The hardest thing appears to be moving on from the company you were and becoming whatever the acquiring company expects from you, and learning to work in that larger organization. For Pathwire, being owned by a private equity company made transitioning to a new owner a little easier.

Lexia’s Gaehde says that it was a collaborative process with very little of the ‘we bought you so you have to do it our way’ mentality.

“I would say it was a tremendous partnership, and they always focused on who are the stakeholders within the company who need to come together to make these decisions, and who understands the implications of the decisions we’re making. I think that’s the reason, from a cultural standpoint, it worked so well,” he said.

Gonnering said Acquia could easily have taken the stance that it was buying them for the revenue and would impose its will on them, but that’s not what happened.
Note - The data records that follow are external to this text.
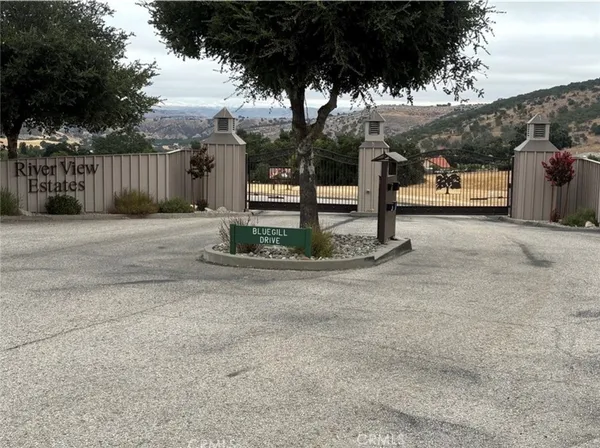 a view of residential houses with outdoor space and mountain view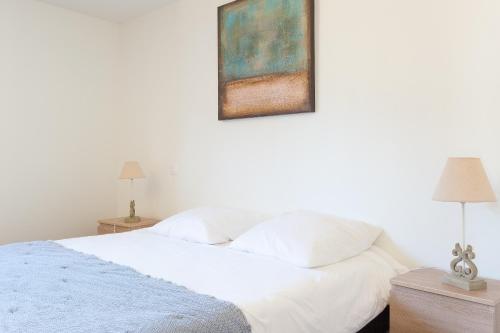 a bedroom with a white bed with a painting on the wall at Bellevues-Sur-Mer, à 100 m de la plage in Trévou-Tréguignec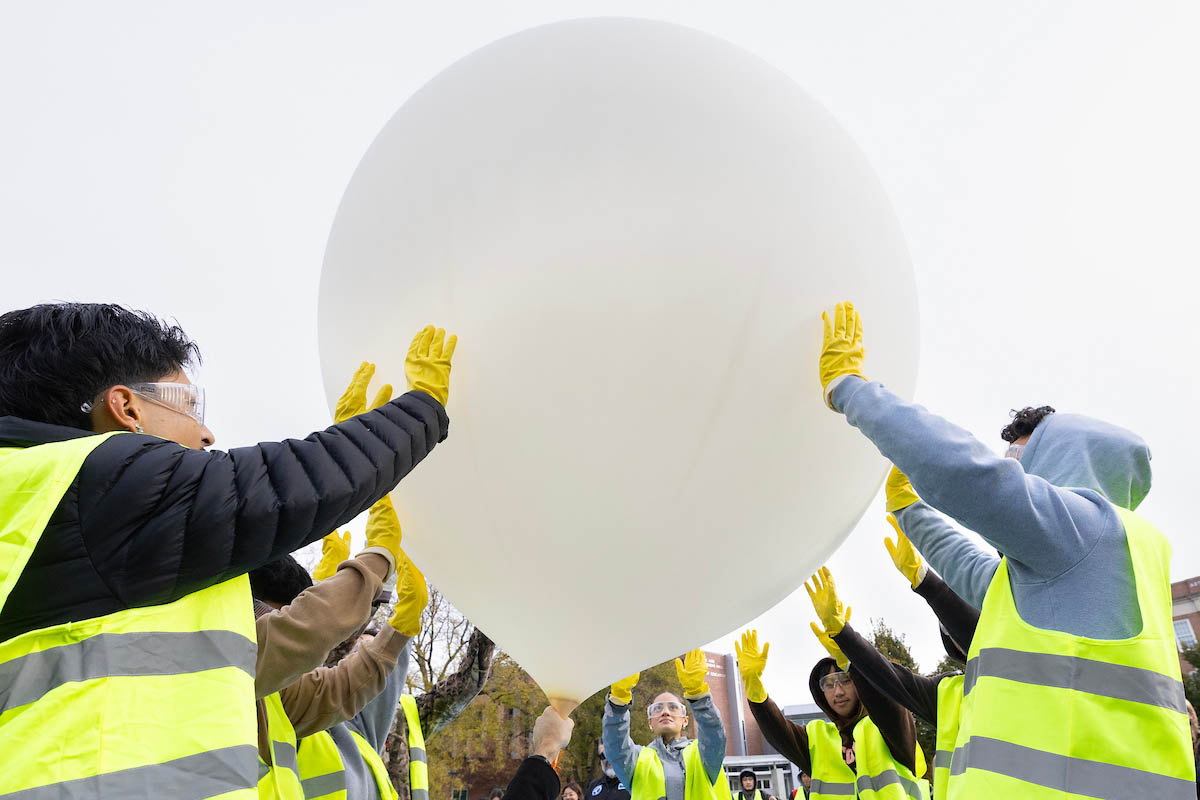 Students work together to hold a near-space balloon in place prior to launch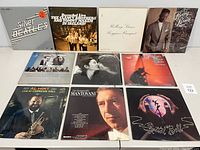 Front covers of 10 vinyl records arranged in two rows: The Silver Beatles, The Clancy Brothers and Tommy Makem, The Rolling Stones, Bobby Brown on top; Al Hirt, Mantovani, Styx and others on bottom row.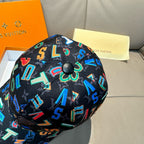Black baseball cap top with circular button and multicolor letter and number pattern.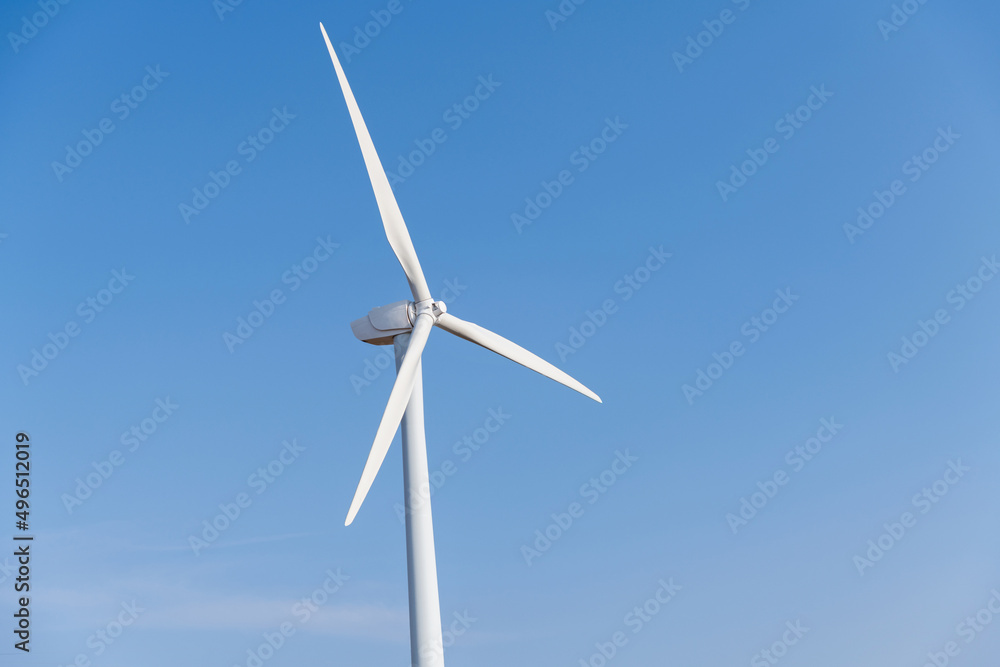 Windmill against blue sky with copyspace Windmill against blue sky with copyspace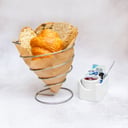 Foto de canastilla de panes artesanales Crepes & Waffles. 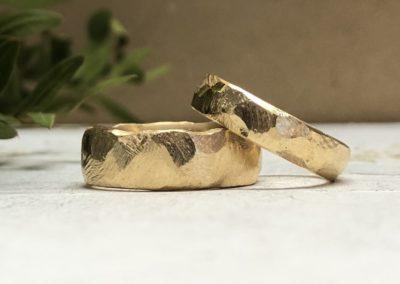 Raue facettierte Eheringe aus Gold mit Felsmuster Hammerschlag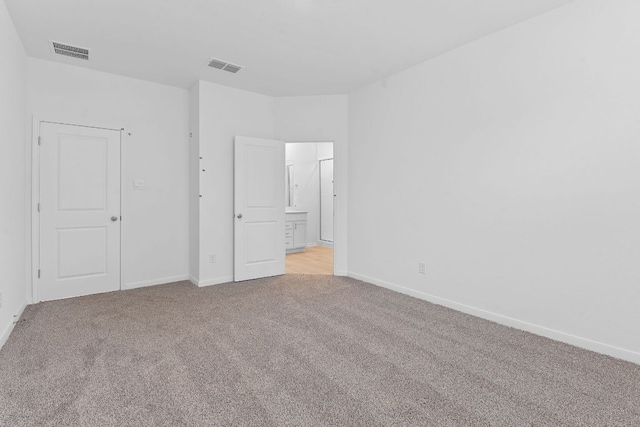 unfurnished bedroom with light carpet, baseboards, and visible vents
“They’ve been open to all the things we’ve done across all the capabilities that we’ve built up. Having that openness has been [important] to convince the rest of the organization that they didn’t just acquire us for the revenue. They actually acquired us for the talent, for the processes that we put in place, and then to see it play out and provide evidence that it’s really true, is a really powerful thing.”

Conway says that when they were part of Thoma Bravo, there was a really rigid, templatized way of reporting revenue and progress every month, and it was hard to conform to that. When he got to Sinch, he was pleased to find a lot more flexibility in thinking and approach.

“With Sinch, we are not constrained by the same elements [as at Thoma Bravo]. You know, you can go into the conversation and effectively make an argument not just for how you should be reporting, but how the broader company should be reporting. So there’s a lot less that is ingrained, which means there’s more discussion,” he said.

As these three companies show, each acquisition is going to be a bit different, even though navigating the experience is always going to be challenging. However, as these companies tell it, they were able to maintain their identity to an extent, participate in the process and feel heard.

It was probably not always perfect, and there were likely conflicts that they had to work through, but these experiences suggest that if you’re going to be acquired, maybe it doesn’t always have to suck more than you expect.